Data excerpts
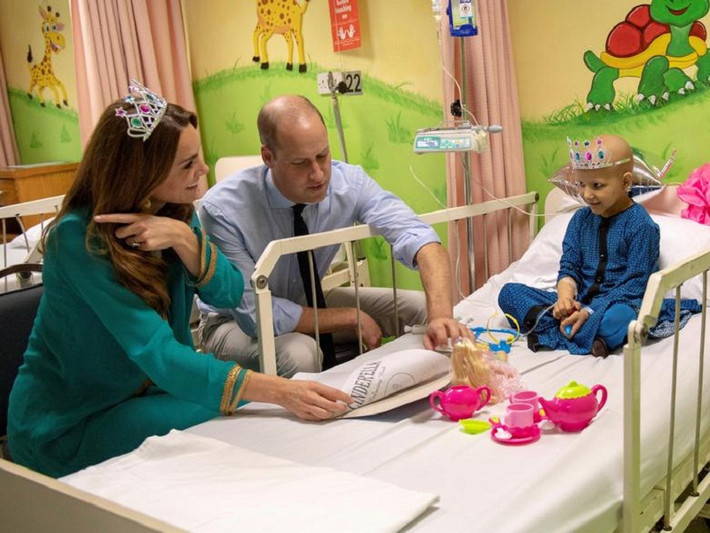 Sau đó, cặp đôi tới thăm một bệnh viện ung thư, nơi Công nương Diana từng ghé thăm một năm trước khi bà qua đời. Ảnh: Hoàng tử William và Công nương Kate trò chuyện với bé Wafia Remain, 7 tuổi, tại bệnh viện ung thư Shaukat Khanum ở Lahore ngày 17/10. Ảnh: Reuters.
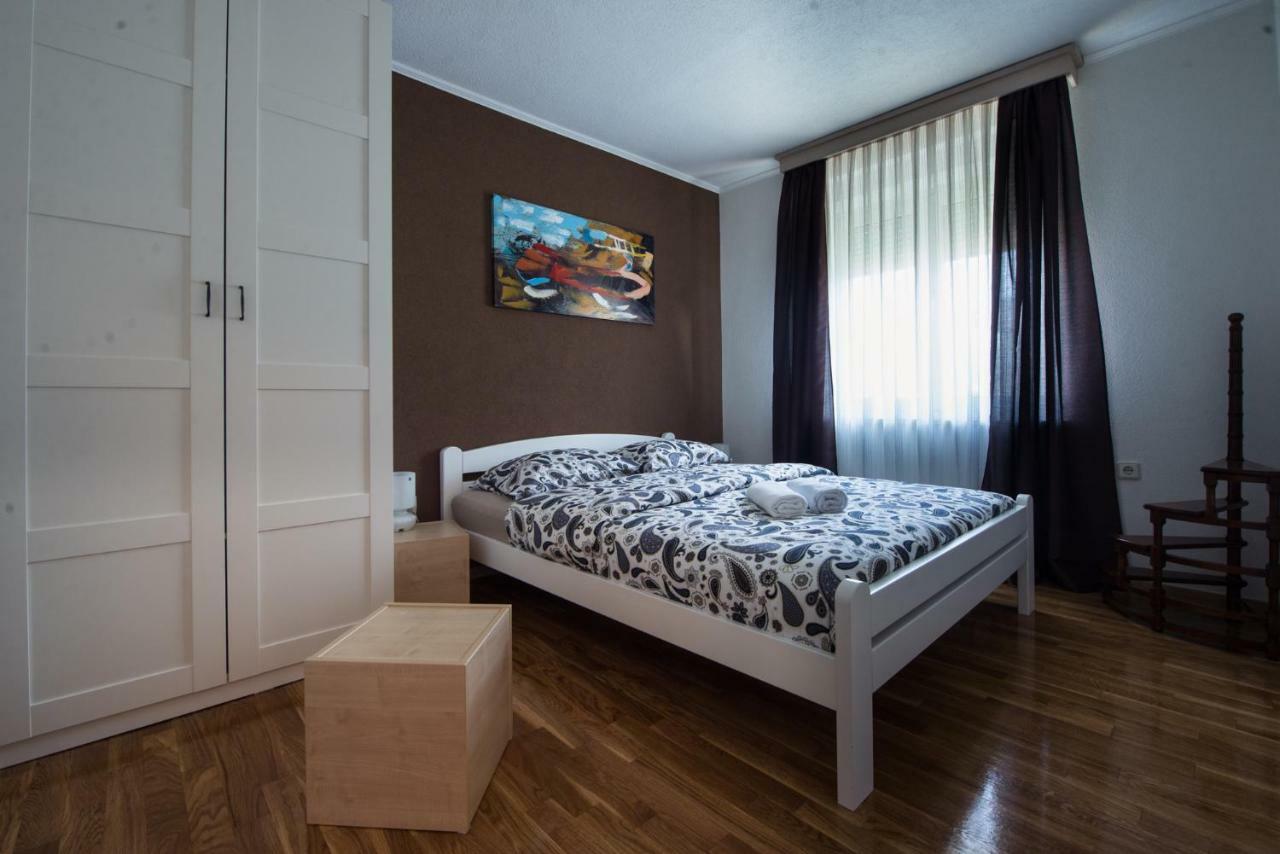 Apartments Tamara Umag Exterior photo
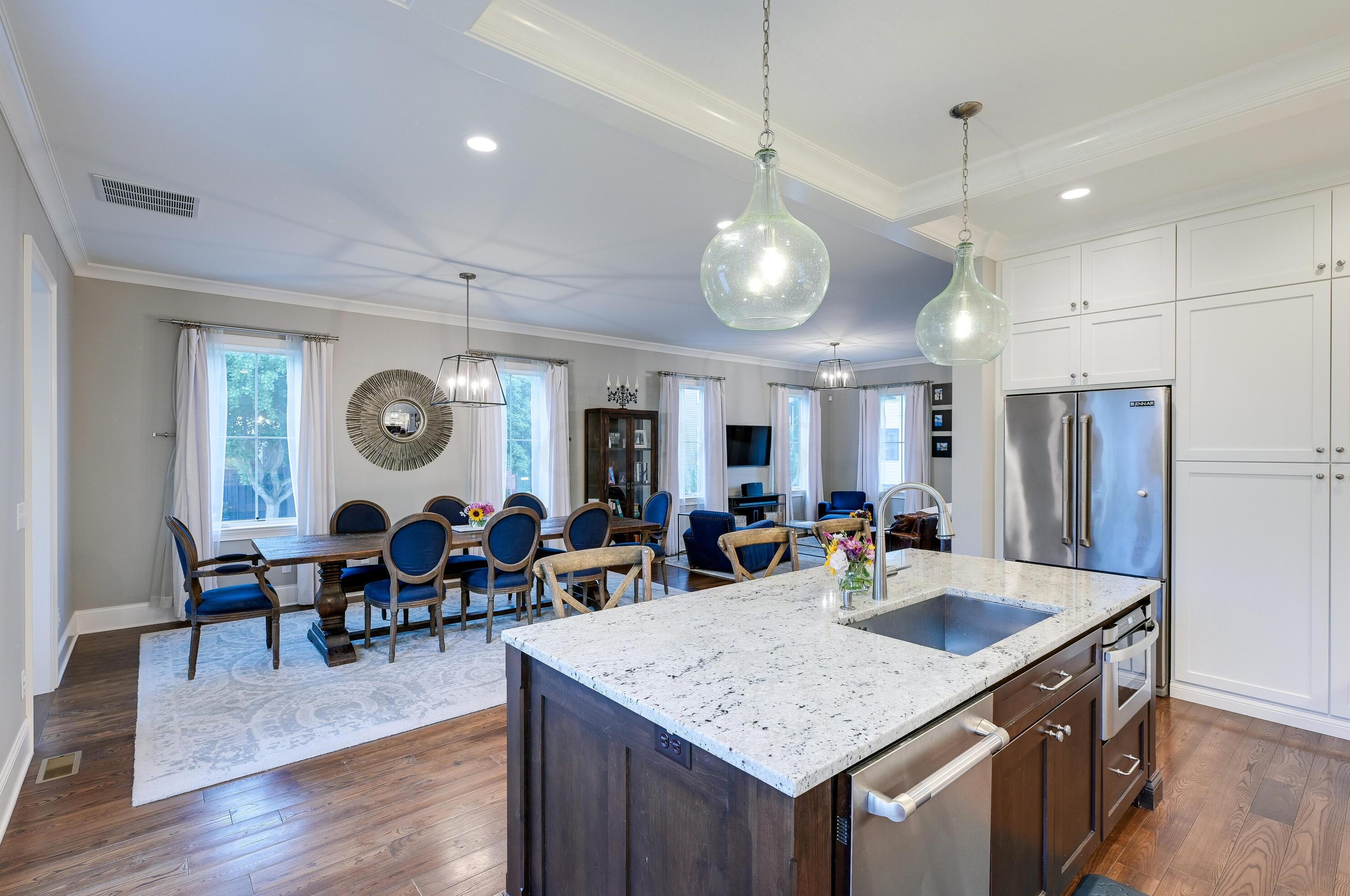 445 Beck St, Columbus OH 43215-5727 exterior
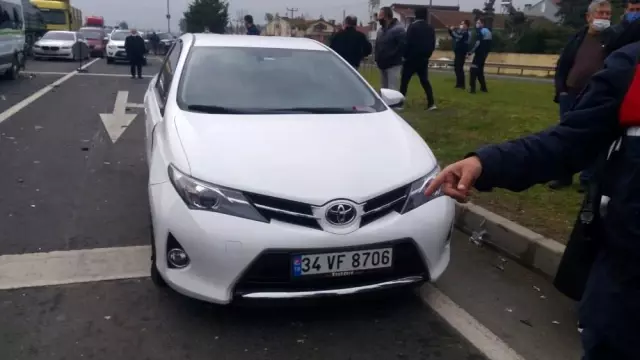 İstanbul-Tekirdağ yolunda kırmızı ışıkta zincirleme kaza İstanbul-Tekirdağ yolunda kırmızı ışıkta zincirleme kaza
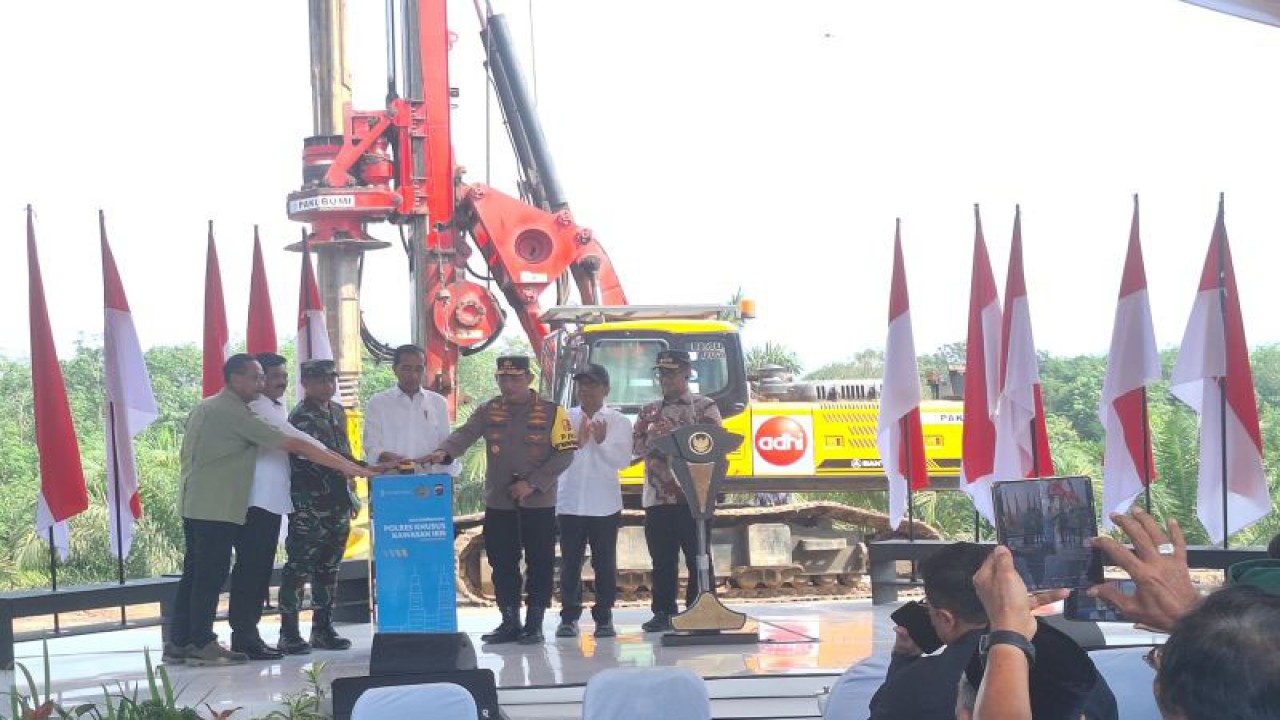 Presiden Jokowi groundbreaking pembangunan gedung polres khusus kawasan Kota Nusantara di Kecamatan Sepaku, Kabupaten Penajam Paser Utara, Provinsi Kalimantan Timur, Kamis (21/12/2023) (ANTARA/Nyaman Bagus Purwaniawan-Mohammad Solih Januar)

● **TASK REQUIREMENTS**:
The entries are to be copied exactly, and each image is to be omitted.

● **RESULT**:
 Sau đó, cặp đôi tới thăm một bệnh viện ung thư, nơi Công nương Diana từng ghé thăm một năm trước khi bà qua đời. Ảnh: Hoàng tử William và Công nương Kate trò chuyện với bé Wafia Remain, 7 tuổi, tại bệnh viện ung thư Shaukat Khanum ở Lahore ngày 17/10. Ảnh: Reuters.
 Apartments Tamara Umag Exterior photo
 445 Beck St, Columbus OH 43215-5727 exterior
 İstanbul-Tekirdağ yolunda kırmızı ışıkta zincirleme kaza İstanbul-Tekirdağ yolunda kırmızı ışıkta zincirleme kaza
 Presiden Jokowi groundbreaking pembangunan gedung polres khusus kawasan Kota Nusantara di Kecamatan Sepaku, Kabupaten Penajam Paser Utara, Provinsi Kalimantan Timur, Kamis (21/12/2023) (ANTARA/Nyaman Bagus Purwaniawan-Mohammad Solih Januar)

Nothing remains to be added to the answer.